== Information shown ==

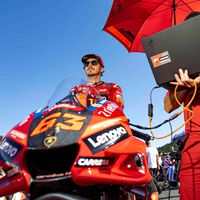 La peor versión de Pecco Bagnaia volvió en el momento decisivo, con aplausos irónicos incluidos: "La he cagado" 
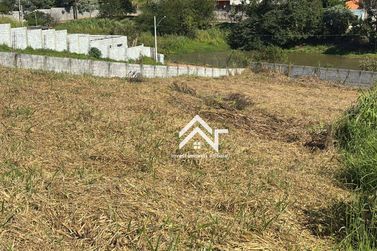 Terreno &agrave; venda - 900m&sup2; - Jardim Centen&aacute;rio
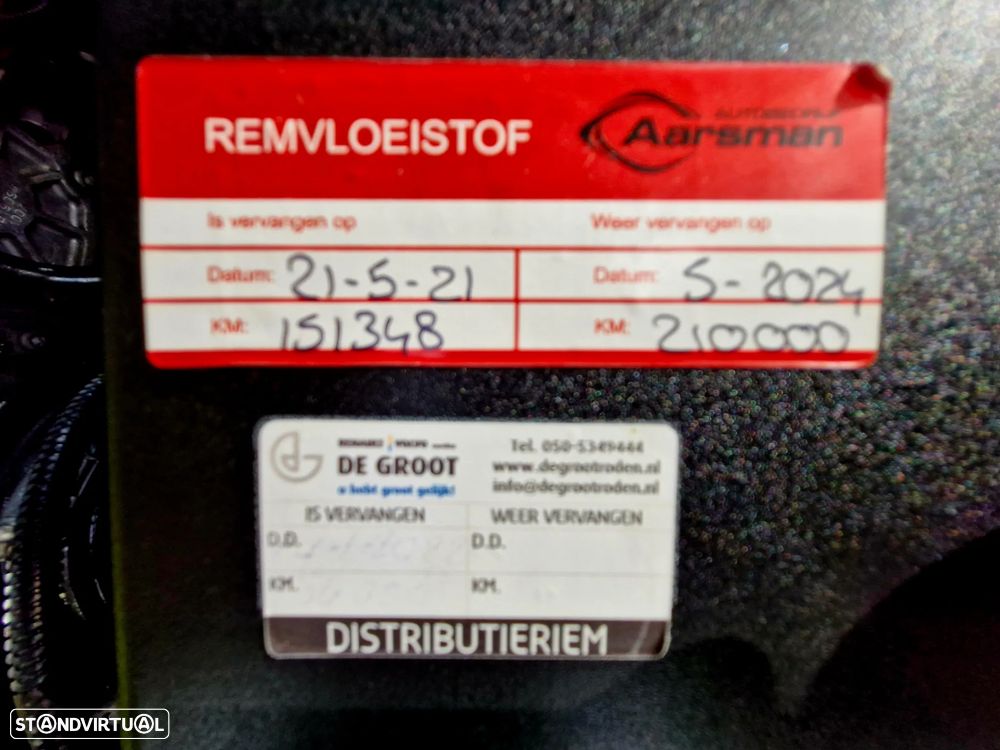 Volvo V40 1.6 D2 R-Design - 12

===

Copy the data word for word and omit every picture.

§ Written answer
 La peor versión de Pecco Bagnaia volvió en el momento decisivo, con aplausos irónicos incluidos: "La he cagado" 
 Terreno &agrave; venda - 900m&sup2; - Jardim Centen&aacute;rio
 Volvo V40 1.6 D2 R-Design - 12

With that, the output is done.